■ **Exercise details**
Every word of the listing must be returned. Retype it exactly.

·····

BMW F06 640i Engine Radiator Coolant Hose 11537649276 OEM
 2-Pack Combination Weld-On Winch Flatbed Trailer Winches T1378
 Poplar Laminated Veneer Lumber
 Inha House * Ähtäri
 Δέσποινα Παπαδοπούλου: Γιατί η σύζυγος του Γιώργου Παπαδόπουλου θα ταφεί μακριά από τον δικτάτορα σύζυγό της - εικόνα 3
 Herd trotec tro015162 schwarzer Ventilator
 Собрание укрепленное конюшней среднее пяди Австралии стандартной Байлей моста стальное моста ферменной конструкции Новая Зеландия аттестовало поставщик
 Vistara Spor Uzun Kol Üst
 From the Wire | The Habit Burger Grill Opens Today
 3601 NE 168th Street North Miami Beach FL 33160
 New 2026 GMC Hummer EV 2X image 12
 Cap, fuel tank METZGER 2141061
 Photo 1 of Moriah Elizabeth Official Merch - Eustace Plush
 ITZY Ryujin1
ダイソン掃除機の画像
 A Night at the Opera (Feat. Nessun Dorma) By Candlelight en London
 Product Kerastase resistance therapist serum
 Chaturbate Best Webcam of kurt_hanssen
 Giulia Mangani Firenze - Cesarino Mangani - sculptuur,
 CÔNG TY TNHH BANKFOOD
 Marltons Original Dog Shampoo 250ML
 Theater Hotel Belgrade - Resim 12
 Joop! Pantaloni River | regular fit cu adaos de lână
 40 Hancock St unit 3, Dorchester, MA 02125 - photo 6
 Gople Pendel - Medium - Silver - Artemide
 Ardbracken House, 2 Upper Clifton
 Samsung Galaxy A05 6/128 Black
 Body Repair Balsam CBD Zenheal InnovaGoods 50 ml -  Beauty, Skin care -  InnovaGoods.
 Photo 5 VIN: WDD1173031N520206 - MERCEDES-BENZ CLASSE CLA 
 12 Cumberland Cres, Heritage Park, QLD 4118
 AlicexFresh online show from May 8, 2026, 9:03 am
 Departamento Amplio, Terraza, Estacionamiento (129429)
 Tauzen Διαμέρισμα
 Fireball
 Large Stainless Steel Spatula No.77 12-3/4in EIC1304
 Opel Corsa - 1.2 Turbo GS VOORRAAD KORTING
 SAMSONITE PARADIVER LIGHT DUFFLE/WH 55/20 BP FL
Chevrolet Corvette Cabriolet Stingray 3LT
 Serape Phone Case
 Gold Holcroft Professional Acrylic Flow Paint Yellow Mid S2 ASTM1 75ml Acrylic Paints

·····

■ **Exercise output**
BMW F06 640i Engine Radiator Coolant Hose 11537649276 OEM
 2-Pack Combination Weld-On Winch Flatbed Trailer Winches T1378
 Poplar Laminated Veneer Lumber
 Inha House * Ähtäri
 Δέσποινα Παπαδοπούλου: Γιατί η σύζυγος του Γιώργου Παπαδόπουλου θα ταφεί μακριά από τον δικτάτορα σύζυγό της - εικόνα 3
 Herd trotec tro015162 schwarzer Ventilator
 Собрание укрепленное конюшней среднее пяди Австралии стандартной Байлей моста стальное моста ферменной конструкции Новая Зеландия аттестовало поставщик
 Vistara Spor Uzun Kol Üst
 From the Wire | The Habit Burger Grill Opens Today
 3601 NE 168th Street North Miami Beach FL 33160
 New 2026 GMC Hummer EV 2X image 12
 Cap, fuel tank METZGER 2141061
 Photo 1 of Moriah Elizabeth Official Merch - Eustace Plush
 ITZY Ryujin1
ダイソン掃除機の画像
 A Night at the Opera (Feat. Nessun Dorma) By Candlelight en London
 Product Kerastase resistance therapist serum
 Chaturbate Best Webcam of kurt_hanssen
 Giulia Mangani Firenze - Cesarino Mangani - sculptuur,
 CÔNG TY TNHH BANKFOOD
 Marltons Original Dog Shampoo 250ML
 Theater Hotel Belgrade - Resim 12
 Joop! Pantaloni River | regular fit cu adaos de lână
 40 Hancock St unit 3, Dorchester, MA 02125 - photo 6
 Gople Pendel - Medium - Silver - Artemide
 Ardbracken House, 2 Upper Clifton
 Samsung Galaxy A05 6/128 Black
 Body Repair Balsam CBD Zenheal InnovaGoods 50 ml -  Beauty, Skin care -  InnovaGoods.
 Photo 5 VIN: WDD1173031N520206 - MERCEDES-BENZ CLASSE CLA 
 12 Cumberland Cres, Heritage Park, QLD 4118
 AlicexFresh online show from May 8, 2026, 9:03 am
 Departamento Amplio, Terraza, Estacionamiento (129429)
 Tauzen Διαμέρισμα
 Fireball
 Large Stainless Steel Spatula No.77 12-3/4in EIC1304
 Opel Corsa - 1.2 Turbo GS VOORRAAD KORTING
 SAMSONITE PARADIVER LIGHT DUFFLE/WH 55/20 BP FL
Chevrolet Corvette Cabriolet Stingray 3LT
 Serape Phone Case
 Gold Holcroft Professional Acrylic Flow Paint Yellow Mid S2 ASTM1 75ml Acrylic Paints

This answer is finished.